__WHAT YOU NEED TO DO__: Once the images are removed, repeat all of the entries exactly.

__RECORDED DATA__:
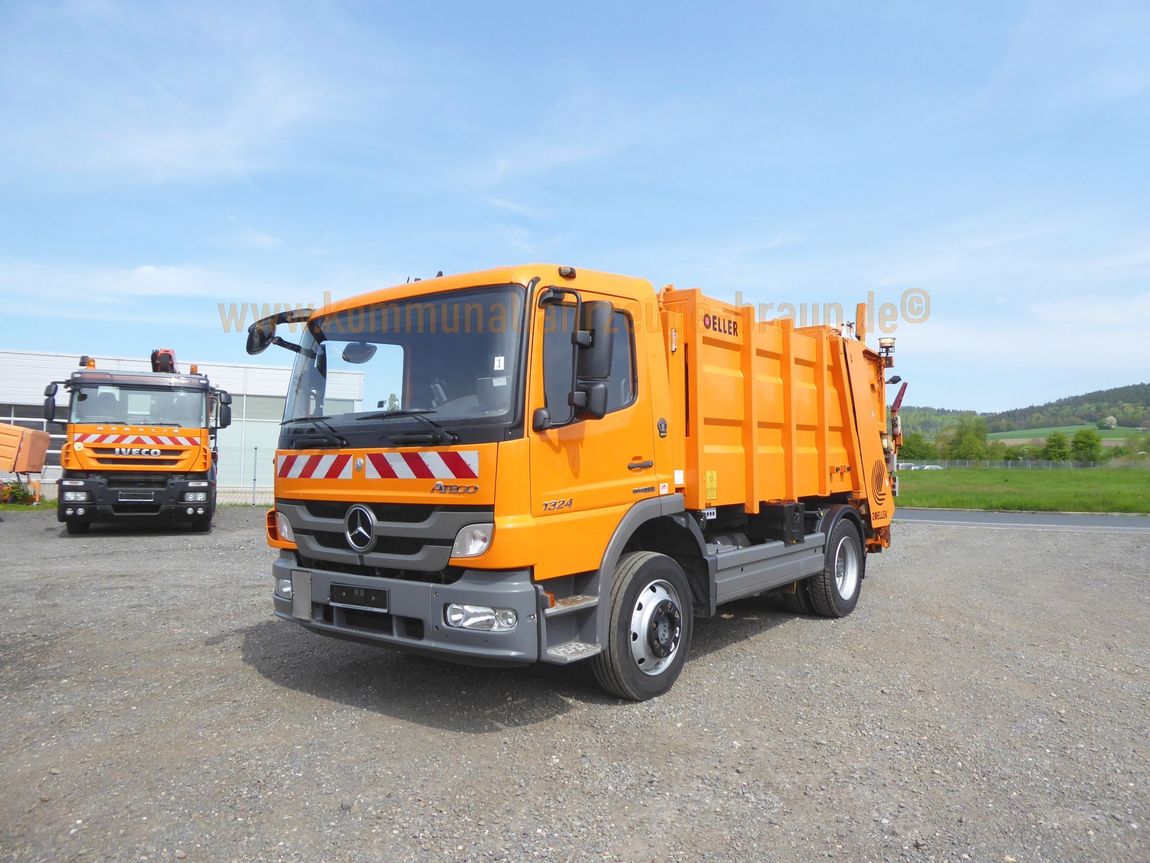 Zwei orangefarbene Müllwagen stehen auf einem Schotterplatz.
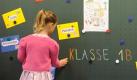 Eine Schulanfängerin holt ihr Namensschild von der Tafel. Foto: ap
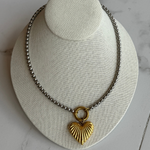 Mixed metal heart necklace on marble floor.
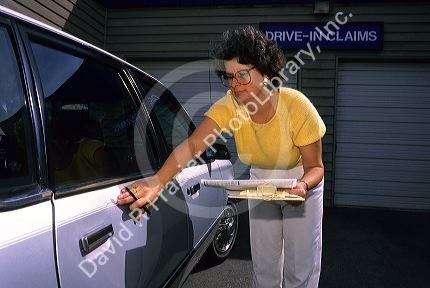 Insurance adjuster inspecting car for damage.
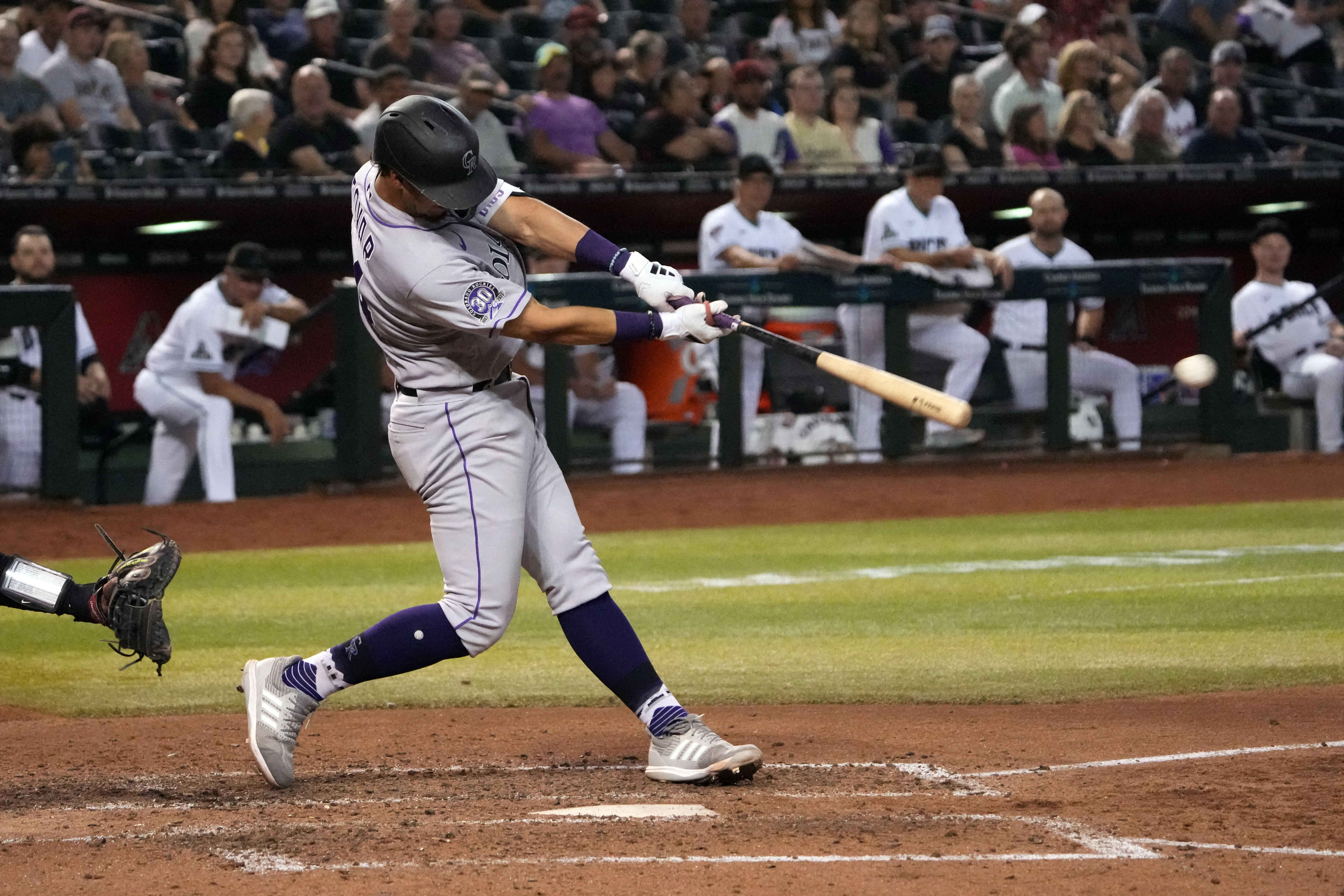 Arizona Diamondbacks' Zac Gallen walks to the dugout after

__RESPONSE__:
 Zwei orangefarbene Müllwagen stehen auf einem Schotterplatz.
 Eine Schulanfängerin holt ihr Namensschild von der Tafel. Foto: ap
 Mixed metal heart necklace on marble floor.
 Insurance adjuster inspecting car for damage.
 Arizona Diamondbacks' Zac Gallen walks to the dugout after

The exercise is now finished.